__Action item__
Set down exactly the lines in the records below that run from the line with "Dacia Duster I" to the line with "undefined De Elements", inclusive, and nothing more.

__Task input__

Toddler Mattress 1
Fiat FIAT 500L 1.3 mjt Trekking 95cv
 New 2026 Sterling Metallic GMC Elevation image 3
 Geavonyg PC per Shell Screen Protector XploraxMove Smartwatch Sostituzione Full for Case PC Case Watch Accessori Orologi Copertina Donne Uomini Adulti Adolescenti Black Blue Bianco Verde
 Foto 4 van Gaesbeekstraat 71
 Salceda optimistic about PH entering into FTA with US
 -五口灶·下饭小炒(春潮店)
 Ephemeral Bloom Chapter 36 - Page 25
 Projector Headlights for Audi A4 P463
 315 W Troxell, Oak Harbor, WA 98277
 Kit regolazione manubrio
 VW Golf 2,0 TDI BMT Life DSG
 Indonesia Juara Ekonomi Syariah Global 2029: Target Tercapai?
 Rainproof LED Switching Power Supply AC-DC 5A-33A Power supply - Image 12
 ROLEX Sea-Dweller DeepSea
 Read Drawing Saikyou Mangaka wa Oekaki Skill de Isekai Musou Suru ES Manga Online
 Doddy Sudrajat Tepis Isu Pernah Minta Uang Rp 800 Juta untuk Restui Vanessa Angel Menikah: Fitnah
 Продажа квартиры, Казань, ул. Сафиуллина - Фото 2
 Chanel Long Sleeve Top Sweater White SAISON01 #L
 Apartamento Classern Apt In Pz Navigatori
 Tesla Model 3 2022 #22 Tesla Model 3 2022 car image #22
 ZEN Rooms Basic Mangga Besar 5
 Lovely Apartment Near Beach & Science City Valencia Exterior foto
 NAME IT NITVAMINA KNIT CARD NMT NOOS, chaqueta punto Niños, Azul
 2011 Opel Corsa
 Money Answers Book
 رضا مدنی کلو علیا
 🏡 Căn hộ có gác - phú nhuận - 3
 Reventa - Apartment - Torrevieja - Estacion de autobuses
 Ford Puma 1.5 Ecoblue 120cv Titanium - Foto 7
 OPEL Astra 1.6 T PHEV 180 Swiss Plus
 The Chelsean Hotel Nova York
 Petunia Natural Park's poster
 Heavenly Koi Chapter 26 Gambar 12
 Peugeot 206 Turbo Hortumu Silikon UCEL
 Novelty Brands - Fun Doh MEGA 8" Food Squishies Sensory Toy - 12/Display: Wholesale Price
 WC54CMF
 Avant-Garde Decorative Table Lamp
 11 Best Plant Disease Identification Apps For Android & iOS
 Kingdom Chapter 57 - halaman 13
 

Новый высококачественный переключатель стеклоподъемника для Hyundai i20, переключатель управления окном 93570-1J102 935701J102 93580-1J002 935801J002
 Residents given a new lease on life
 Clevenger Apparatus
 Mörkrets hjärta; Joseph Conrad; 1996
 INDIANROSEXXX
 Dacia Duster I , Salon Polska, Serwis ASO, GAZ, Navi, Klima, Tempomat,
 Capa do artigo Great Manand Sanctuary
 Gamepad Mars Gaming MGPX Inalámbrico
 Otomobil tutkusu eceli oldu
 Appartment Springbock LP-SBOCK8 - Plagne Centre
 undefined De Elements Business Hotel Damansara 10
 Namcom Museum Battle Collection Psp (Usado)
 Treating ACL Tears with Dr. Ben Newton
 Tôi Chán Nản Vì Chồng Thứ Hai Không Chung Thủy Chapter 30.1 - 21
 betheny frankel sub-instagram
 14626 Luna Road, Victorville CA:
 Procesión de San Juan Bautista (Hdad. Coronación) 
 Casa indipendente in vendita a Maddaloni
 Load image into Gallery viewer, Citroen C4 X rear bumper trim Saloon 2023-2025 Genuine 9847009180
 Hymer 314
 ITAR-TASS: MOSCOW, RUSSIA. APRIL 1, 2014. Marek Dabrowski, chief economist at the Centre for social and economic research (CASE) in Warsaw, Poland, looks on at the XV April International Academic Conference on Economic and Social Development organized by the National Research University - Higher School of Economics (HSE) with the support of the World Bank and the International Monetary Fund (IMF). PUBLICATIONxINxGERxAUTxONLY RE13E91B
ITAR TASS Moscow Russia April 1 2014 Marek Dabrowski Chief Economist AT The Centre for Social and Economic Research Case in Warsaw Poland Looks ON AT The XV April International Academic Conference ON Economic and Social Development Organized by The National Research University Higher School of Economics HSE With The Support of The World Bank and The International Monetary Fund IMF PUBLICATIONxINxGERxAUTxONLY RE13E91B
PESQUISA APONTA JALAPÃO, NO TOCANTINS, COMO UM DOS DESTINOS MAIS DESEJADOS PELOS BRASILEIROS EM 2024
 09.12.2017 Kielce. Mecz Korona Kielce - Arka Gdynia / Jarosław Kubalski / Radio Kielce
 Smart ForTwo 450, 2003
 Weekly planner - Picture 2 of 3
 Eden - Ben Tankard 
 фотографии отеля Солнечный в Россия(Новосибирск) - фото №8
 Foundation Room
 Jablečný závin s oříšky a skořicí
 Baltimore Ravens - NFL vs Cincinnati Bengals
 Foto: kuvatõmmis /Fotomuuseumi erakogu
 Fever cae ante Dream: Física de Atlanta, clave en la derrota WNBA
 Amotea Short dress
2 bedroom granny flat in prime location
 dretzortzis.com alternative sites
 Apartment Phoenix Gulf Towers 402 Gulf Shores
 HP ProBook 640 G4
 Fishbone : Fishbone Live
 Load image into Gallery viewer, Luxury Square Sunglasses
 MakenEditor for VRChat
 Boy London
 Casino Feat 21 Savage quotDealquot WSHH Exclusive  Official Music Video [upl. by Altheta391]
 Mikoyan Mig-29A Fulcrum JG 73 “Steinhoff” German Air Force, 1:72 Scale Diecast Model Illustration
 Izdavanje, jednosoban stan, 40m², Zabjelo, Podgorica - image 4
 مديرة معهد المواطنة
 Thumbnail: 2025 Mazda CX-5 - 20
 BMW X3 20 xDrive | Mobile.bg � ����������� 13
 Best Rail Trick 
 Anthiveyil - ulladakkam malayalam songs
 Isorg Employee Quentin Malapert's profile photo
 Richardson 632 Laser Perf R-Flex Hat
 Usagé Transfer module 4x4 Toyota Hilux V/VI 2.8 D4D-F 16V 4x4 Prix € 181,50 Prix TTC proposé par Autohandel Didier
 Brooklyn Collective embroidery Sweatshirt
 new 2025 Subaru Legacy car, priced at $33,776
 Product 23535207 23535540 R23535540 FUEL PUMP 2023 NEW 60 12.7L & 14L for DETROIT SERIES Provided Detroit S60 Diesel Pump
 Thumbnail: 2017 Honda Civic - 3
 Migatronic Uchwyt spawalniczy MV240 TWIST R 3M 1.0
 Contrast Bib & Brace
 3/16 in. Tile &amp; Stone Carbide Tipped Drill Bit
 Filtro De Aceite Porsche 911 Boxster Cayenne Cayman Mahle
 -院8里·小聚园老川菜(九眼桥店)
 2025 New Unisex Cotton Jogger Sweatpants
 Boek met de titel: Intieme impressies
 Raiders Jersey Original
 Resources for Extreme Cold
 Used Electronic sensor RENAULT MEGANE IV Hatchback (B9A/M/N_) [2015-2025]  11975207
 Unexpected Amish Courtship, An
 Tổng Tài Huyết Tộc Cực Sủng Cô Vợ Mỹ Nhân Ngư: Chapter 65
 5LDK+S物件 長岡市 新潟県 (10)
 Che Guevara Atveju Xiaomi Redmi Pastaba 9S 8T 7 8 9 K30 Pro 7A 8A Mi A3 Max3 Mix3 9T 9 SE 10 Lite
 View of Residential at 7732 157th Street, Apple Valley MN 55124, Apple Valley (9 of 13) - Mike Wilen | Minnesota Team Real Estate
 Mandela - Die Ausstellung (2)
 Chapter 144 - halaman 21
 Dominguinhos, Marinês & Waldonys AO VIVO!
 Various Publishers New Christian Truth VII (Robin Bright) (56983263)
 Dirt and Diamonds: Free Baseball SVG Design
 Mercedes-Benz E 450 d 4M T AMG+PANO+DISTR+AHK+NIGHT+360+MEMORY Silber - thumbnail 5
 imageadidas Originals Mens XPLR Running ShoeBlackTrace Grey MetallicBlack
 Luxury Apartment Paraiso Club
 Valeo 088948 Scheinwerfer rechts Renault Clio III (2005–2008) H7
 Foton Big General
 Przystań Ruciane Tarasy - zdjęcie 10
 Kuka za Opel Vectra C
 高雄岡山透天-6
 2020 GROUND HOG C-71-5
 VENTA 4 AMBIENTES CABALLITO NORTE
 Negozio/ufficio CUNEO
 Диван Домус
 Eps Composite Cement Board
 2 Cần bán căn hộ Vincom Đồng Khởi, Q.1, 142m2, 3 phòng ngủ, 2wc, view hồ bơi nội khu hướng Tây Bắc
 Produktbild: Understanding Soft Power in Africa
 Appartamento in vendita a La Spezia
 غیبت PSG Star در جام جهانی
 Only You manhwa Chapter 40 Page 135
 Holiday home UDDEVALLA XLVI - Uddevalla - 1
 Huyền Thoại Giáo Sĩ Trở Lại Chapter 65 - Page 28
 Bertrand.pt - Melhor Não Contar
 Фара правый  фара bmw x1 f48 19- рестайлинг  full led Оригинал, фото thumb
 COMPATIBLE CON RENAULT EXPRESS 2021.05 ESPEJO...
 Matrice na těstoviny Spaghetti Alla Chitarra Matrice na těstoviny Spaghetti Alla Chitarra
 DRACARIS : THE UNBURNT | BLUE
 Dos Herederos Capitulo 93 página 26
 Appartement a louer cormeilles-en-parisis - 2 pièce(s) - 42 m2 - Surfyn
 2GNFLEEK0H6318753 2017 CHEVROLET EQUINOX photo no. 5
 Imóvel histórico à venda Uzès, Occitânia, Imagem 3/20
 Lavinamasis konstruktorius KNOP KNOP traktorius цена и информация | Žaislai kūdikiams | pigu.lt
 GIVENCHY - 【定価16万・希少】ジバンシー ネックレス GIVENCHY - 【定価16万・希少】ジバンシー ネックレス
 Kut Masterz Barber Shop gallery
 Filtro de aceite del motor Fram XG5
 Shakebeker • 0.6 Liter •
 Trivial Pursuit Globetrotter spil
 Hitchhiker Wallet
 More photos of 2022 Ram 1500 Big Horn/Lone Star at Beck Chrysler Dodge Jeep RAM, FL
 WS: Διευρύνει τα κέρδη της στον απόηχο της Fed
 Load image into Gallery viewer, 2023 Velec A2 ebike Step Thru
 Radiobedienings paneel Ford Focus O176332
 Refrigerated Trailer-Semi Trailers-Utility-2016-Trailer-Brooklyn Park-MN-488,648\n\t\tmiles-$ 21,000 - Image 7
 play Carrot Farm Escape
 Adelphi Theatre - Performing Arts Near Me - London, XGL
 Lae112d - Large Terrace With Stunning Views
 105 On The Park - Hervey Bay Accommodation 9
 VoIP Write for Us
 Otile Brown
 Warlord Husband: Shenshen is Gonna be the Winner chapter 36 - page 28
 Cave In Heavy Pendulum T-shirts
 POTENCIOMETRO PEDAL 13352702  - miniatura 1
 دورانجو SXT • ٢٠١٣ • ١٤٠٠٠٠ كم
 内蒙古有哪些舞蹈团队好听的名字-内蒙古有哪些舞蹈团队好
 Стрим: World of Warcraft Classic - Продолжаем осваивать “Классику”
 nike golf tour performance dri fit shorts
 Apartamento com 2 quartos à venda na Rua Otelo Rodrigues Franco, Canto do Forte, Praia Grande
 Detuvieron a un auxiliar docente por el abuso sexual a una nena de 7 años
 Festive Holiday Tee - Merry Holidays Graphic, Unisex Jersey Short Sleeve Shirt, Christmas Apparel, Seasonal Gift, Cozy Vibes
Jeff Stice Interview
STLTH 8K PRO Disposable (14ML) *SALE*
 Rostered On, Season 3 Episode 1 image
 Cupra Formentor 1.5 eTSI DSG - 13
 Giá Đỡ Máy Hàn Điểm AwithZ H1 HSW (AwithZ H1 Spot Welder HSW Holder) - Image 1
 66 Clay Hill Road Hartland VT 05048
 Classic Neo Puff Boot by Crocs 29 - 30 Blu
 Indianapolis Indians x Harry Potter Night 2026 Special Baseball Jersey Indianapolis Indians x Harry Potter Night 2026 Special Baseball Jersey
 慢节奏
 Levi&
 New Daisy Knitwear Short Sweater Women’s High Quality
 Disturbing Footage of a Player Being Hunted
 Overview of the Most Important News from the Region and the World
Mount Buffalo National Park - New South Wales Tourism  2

__Result for this exercise__
 Dacia Duster I , Salon Polska, Serwis ASO, GAZ, Navi, Klima, Tempomat,
 Capa do artigo Great Manand Sanctuary
 Gamepad Mars Gaming MGPX Inalámbrico
 Otomobil tutkusu eceli oldu
 Appartment Springbock LP-SBOCK8 - Plagne Centre
 undefined De Elements Business Hotel Damansara 10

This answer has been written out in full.